Assigned task:
Below are some entries. Copy each line that holds the string "room".

===

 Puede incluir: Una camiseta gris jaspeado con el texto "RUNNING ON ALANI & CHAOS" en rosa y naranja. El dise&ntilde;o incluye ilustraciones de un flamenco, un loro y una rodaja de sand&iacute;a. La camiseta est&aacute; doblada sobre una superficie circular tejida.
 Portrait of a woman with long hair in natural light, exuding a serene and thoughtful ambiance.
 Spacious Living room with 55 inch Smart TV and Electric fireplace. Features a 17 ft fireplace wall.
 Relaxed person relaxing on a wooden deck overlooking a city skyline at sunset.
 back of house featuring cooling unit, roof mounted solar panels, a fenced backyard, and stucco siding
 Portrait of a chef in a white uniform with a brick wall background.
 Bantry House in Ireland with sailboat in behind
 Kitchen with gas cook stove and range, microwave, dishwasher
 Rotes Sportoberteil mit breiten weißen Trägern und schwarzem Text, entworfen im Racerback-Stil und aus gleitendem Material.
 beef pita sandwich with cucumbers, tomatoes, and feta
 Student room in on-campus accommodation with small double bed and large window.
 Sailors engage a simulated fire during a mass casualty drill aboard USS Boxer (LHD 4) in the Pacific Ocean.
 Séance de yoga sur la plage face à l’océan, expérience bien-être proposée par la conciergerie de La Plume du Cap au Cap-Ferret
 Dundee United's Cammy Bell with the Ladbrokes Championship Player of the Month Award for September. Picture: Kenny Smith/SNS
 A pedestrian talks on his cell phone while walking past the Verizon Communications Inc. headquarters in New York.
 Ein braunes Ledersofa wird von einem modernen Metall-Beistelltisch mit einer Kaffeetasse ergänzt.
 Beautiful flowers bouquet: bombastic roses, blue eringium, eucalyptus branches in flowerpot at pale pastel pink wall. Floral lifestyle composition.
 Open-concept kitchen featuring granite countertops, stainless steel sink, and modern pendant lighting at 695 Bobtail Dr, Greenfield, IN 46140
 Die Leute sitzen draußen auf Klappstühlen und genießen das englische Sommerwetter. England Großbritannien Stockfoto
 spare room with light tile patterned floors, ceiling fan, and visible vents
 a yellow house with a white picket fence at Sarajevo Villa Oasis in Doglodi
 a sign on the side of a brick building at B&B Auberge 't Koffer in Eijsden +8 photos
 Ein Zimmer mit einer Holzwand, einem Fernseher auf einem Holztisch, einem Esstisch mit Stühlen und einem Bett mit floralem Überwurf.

===

Response to the task:
 Spacious Living room with 55 inch Smart TV and Electric fireplace. Features a 17 ft fireplace wall.
 Student room in on-campus accommodation with small double bed and large window.
 spare room with light tile patterned floors, ceiling fan, and visible vents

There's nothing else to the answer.